Make sure you feel like you have at least half of your life figured out, and if you don't, that's okay. You can still heal while you're pursuing your degree, while you're still working as a social worker, but I would probably also give the same advice I got day one of my first course in grad school. If you're not in therapy now, be in therapy. It will definitely catch up with you. The social work field is not a well-paid field, so we always go into that field because we want to help others. We have our own trauma in our own history. And it's never a bad idea to be in therapy, I think, as long as you have a good therapist and a good person that you're working with, but especially for folks that want to go into the field, I would say, definitely be in therapy, definitely invest in yourself in that way. It will save you a lot of time and a lot of heartache, possibly in the future, professionally and in your personal life as well. What I needed therapy for four years ago is not what I am in therapy now. We evolve, get older, we get married, like in my case, or we have the space and the capacity to possibly analyze and sit with certain things that might have happened in the past, or trying to figure the stuff that we have to or want to do in the future. That's always a moving target, and self-reflection is a big part of it, but too much is when you burn yourself out, too.
04What are the biggest challenges or opportunities in your field right now?
I think isolation, truly, and the imposter syndrome that I'm actively, all day, every day, kind of going through. I am married, my husband is in the Coast Guard, and we've never actually lived together since we got married. He's in California, and I'm still here trying to finish my coursework. Isolation is a big part of it because of my husband and the military lifestyle, but also because international students like me who are excited about what they do, and they're also extroverted when it comes to the work, people don't really like that. It can come off as annoying, or being extra, or too much, or me being clingy, or needy. I'm definitely misunderstood a lot, or I feel like I am. There's a lot of things that citizens are eligible for, like funding, fellowships, things like that, I'm not eligible for. And there's also not a lot of guidance, or guidance at all, from my program and the administration at St. Louis University to help us go for funding that we are eligible for, or create opportunities for us. So it's the cliche of what folks, minorities, kind of go through in academia, honestly.

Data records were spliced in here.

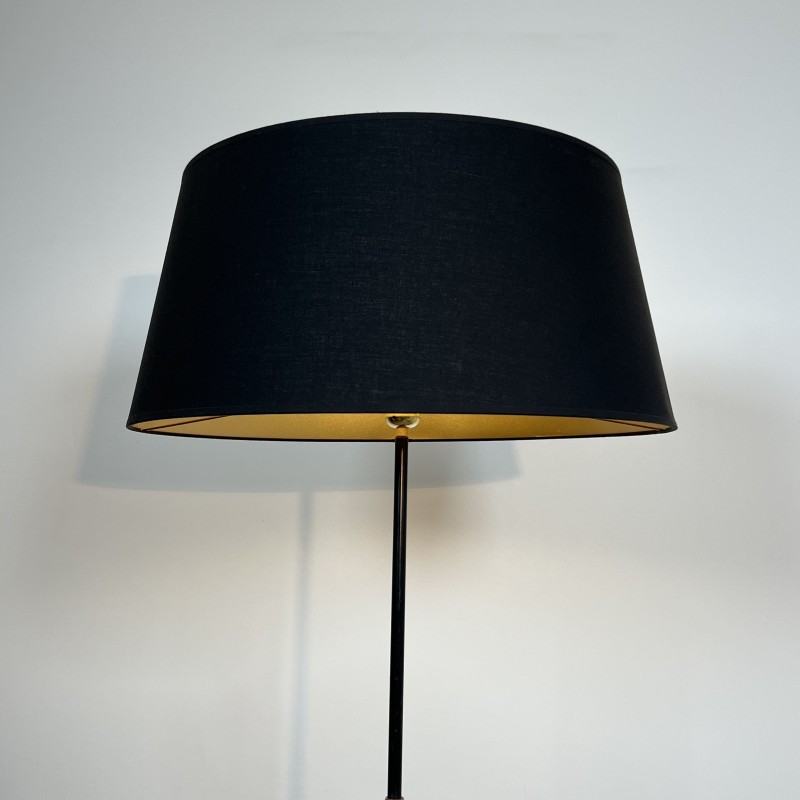 Lampadaire Tripode en Métal Laqué Noiret Laiton, Modernist | Maison Barrois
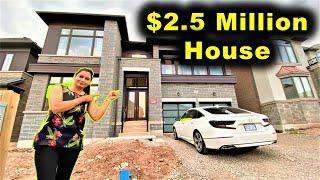 House Tour Of A 2.5 Million Dollar Luxury House In Canada | Canada Couple Vlogs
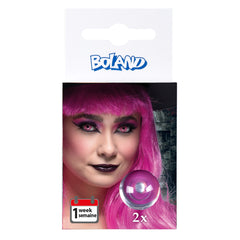 Lentilles fantaisie journalière Rose / Paire lentilles de semaine Sorcière Rose / La Maison Du Déguisement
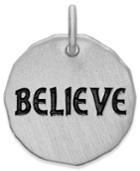 Rembrandt Charms Sterling Silver Believe Tag Charm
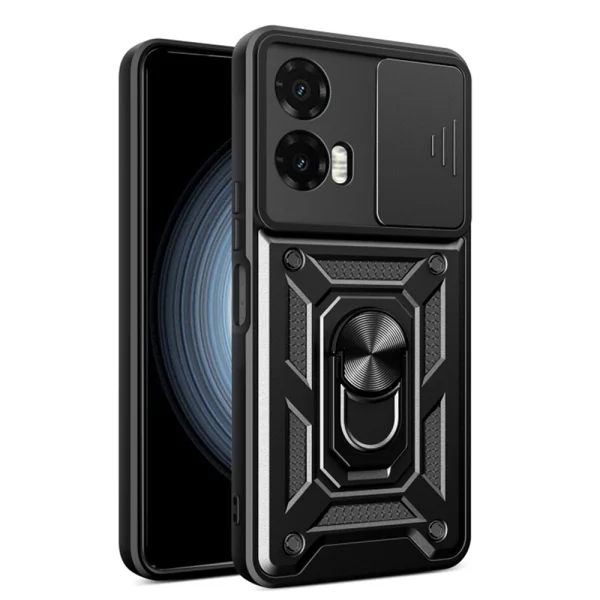 Shockproof case Techsuit CamShield for Motorola Moto G35, Black 1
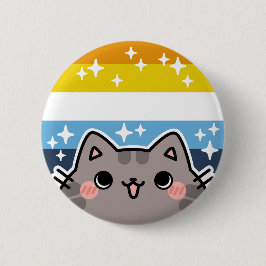 Schaltfläche für den AroAce LGBT-Pride-Flaggenkata Button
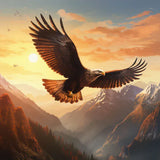 Diamond Painting Raubvogel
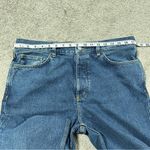 COS  Women’s Tapered Leg Mid Rise Full Length Jeans Button Fly Medium Wash 33/34 Photo 10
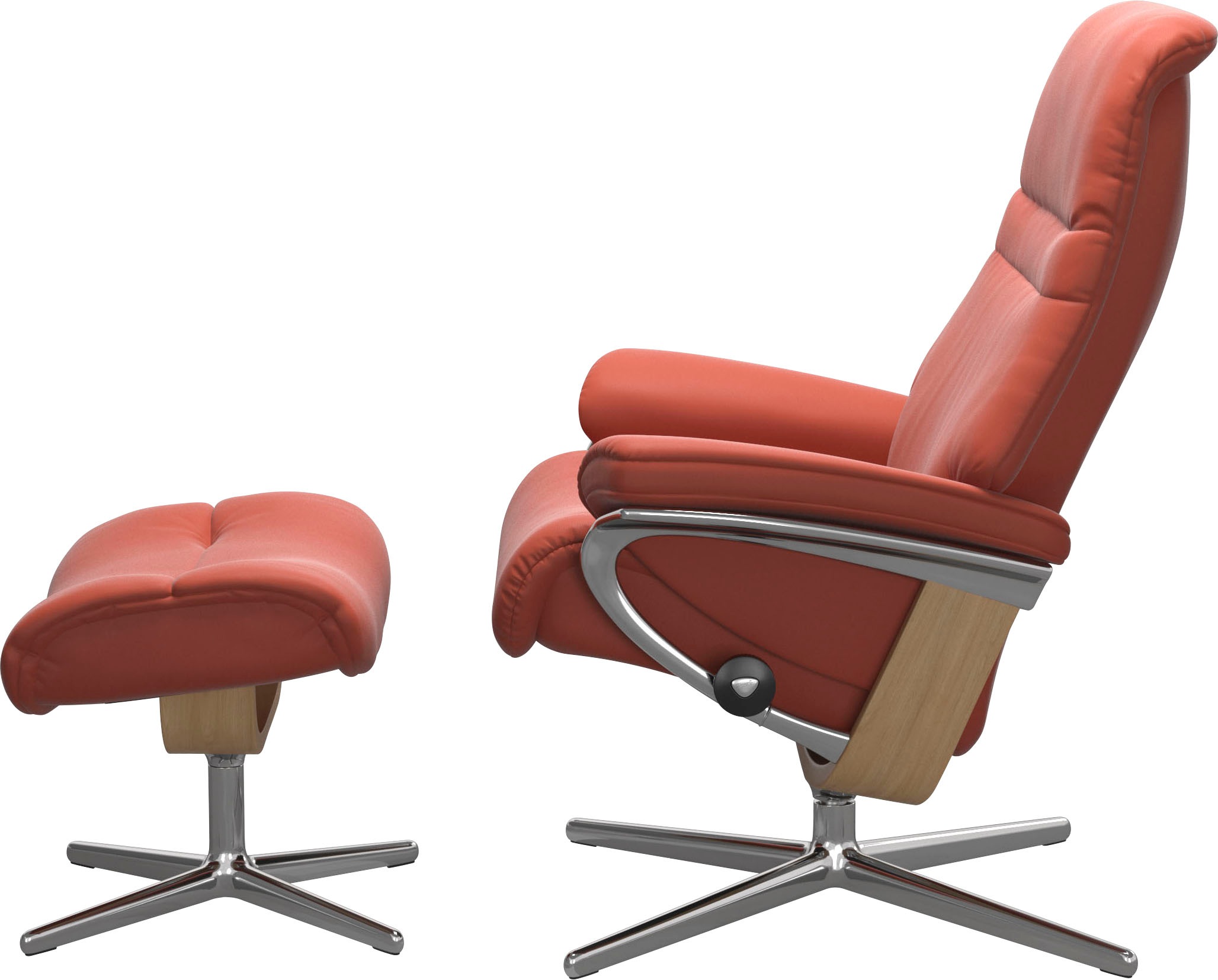 Stressless® Fußhocker »Sunrise«, mit Cross Base, Größe S, M & L, Holzakzent Eiche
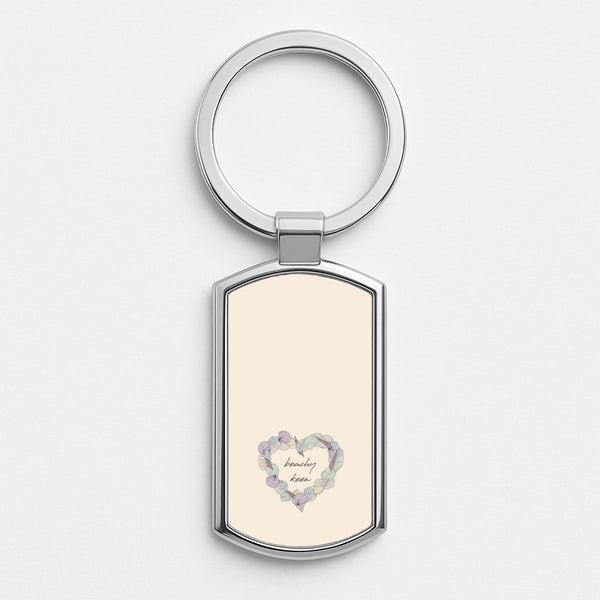 Beachy Keen - Seashells Silver Keyring
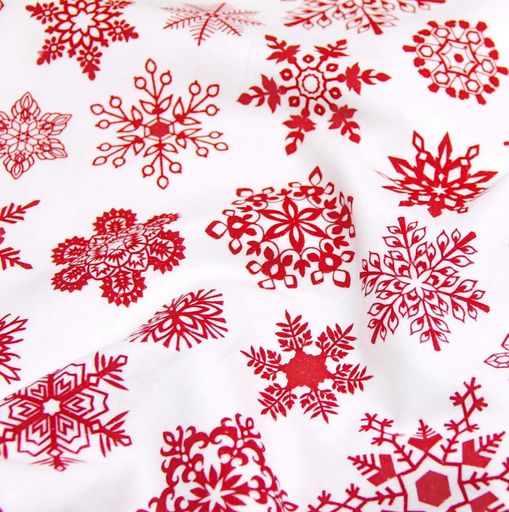 Простирадло на резинці фланель 80х190х25 SNOWFLAKES CS2 COSAS (4822052472965) (1605723)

05What values are most important to you in your work and personal life?
I would say family and boundaries is a big thing for me. I'm still working on that. As a woman, we have a hard time with boundaries, I feel like. I don't want to overgeneralize it, but we have to be perfect, right? We have to come off a certain way, we have to lose weight, have the baby, have the home, be able to clean the house on a timely manner, and also show up for work, and overwork, and be better than anyone else, and you add, for me, at least the layer of immigration. I have to be better than the citizens out there that are competing for my job, or for my topic, or for the spotlight in whatever space. So, yeah, boundaries can... I've struggled with boundaries, because I've let a lot of folks walk over me, like friends and professionals too, and that has definitely distracted me along the way and hasn't left a lot of space and grace for myself, because I was giving it to them, even though they didn't deserve it.